Examples#

On the following page, examples will be given how the code can be used. The first part covers scripts and functions that can be used directly from the terminal while the second part gives a more detailed look on the different functionalities.

Calculate WPs#

This package contains a script to calculate tagger working points (WPs). The script is working_points.py and can be run after installing this package with

wps \
    --ttbar "path/to/ttbar/*.h5" \
    --tagger GN2v01 \
    --fc 0.1

Both the --tagger and --fc options accept a list if you want to get the WPs for multiple taggers. If you are doing c-tagging or xbb-tagging, dedicated fx arguments are available ()you can find them all with -h.

If you want to use the ttbar WPs get the efficiencies and rejections for the zprime sample, you can add --zprime "path/to/zprime/*.h5" to the command. Note that a default selection of $p_T > 250 ~GeV$ to jets in the zprime sample.

If instead of defining the working points for a series of signal efficiencies, you wish to calculate a WP corresponding to a specific background rejection, the --rejection option can be given along with the desired background.

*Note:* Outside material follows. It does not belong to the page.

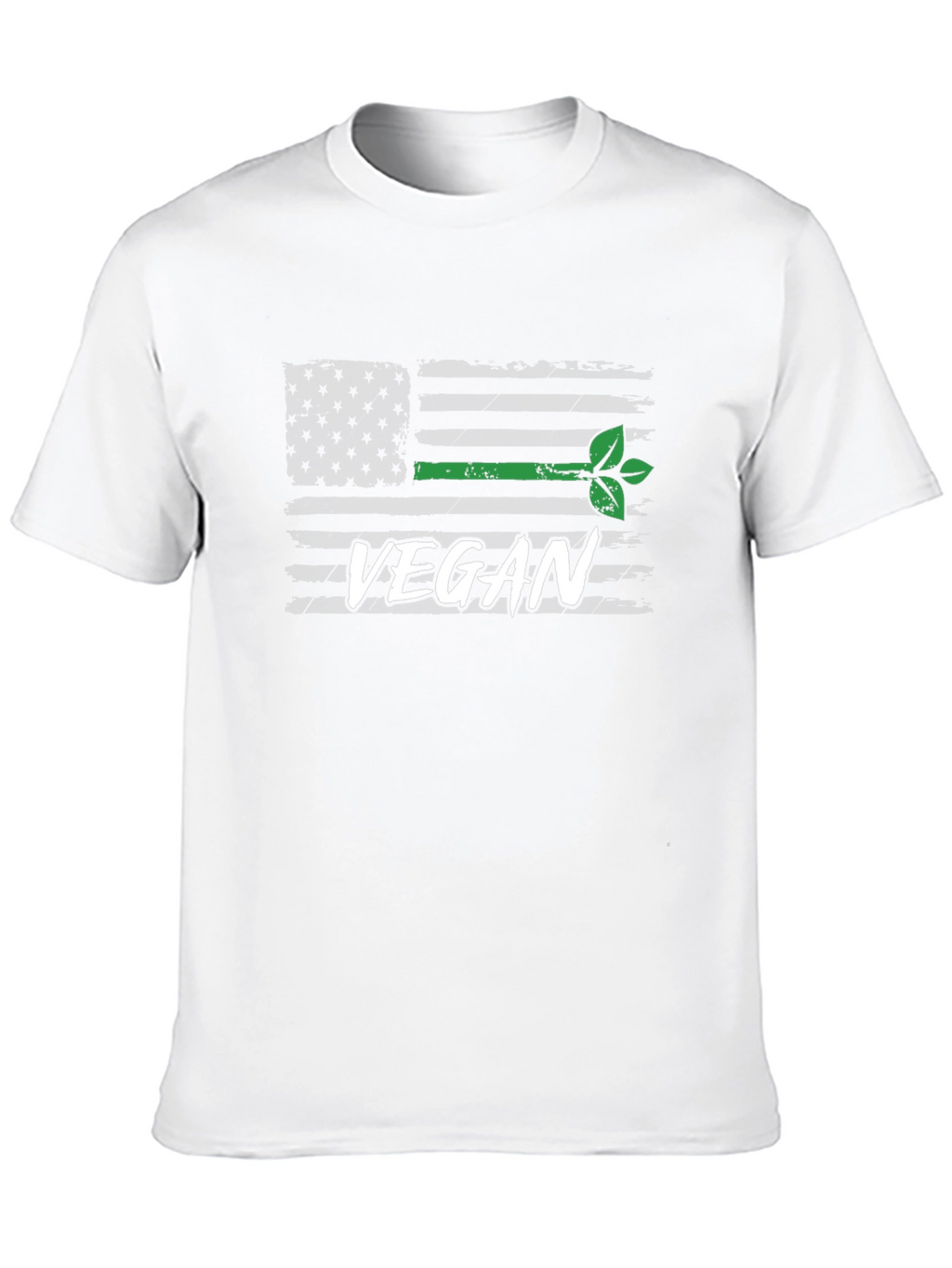 Vegan USA Flag Graphic T-Shirt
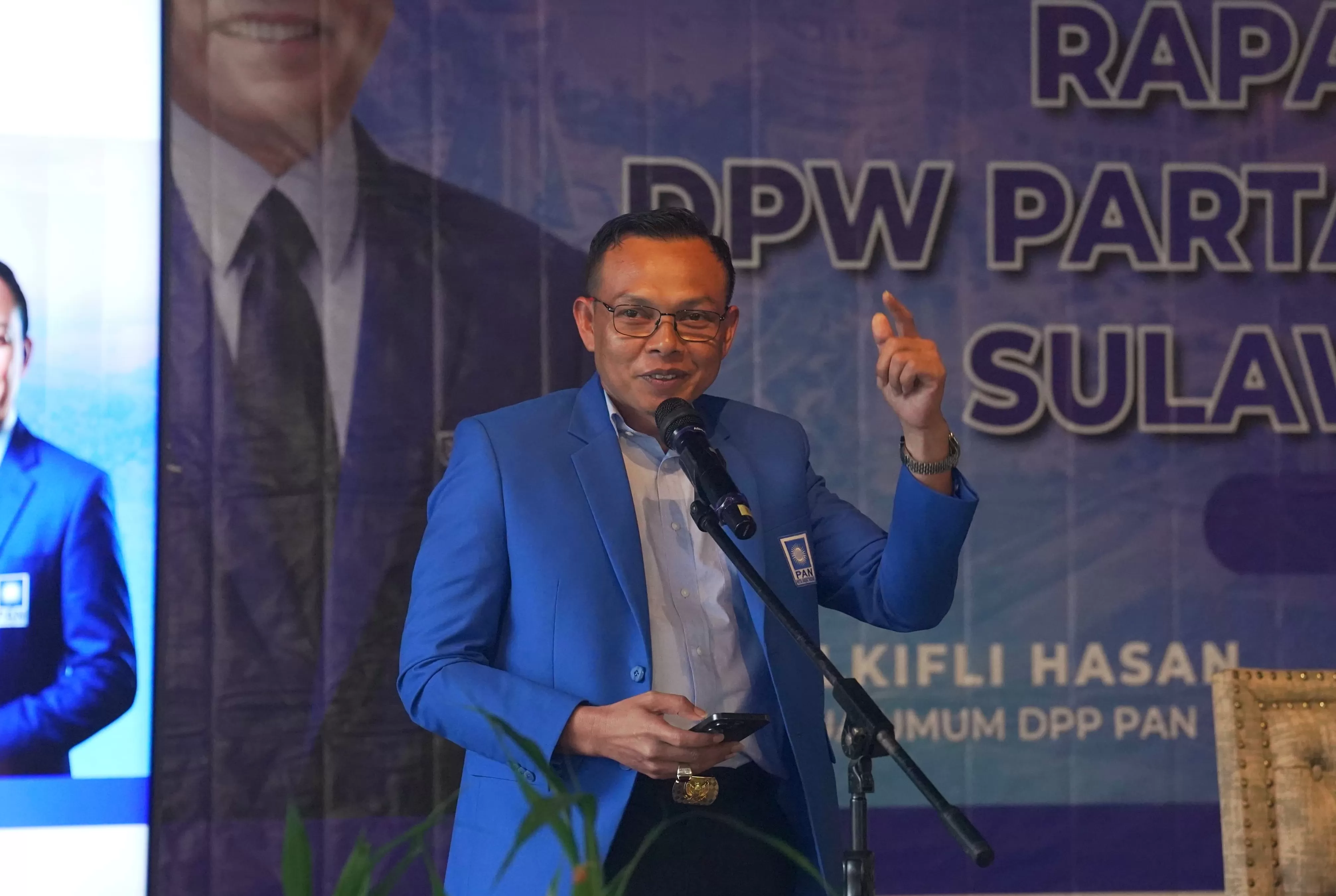 Ketua PAN Sultra Yusran Akbar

By default the working points are printed to the terminal, but you can save the results to a YAML file with the --outfile option.

See wps --help for more options and information.

Calculate efficiency at discriminant cut#

The same script can be used to calculate the efficiency and rejection values at a given discriminant cut value. The script working_points.py can be run after intalling this package as follows

wps \
    --ttbar "path/to/ttbar/*.h5" \
    --tagger GN2v01 \
    --fx 0.1
    --disc_cuts 1.0 1.5

The --tagger, --fx, and --outfile follow the same procedure as in the ‘Calculate WPs’ script as described above.

H5 Utils#

Create virtual file#

This package contains a script to easily merge a set of H5 files. A virtual file is a fast and lightweight way to wrap a set of files. See the h5py documentation for more information on virtual datasets.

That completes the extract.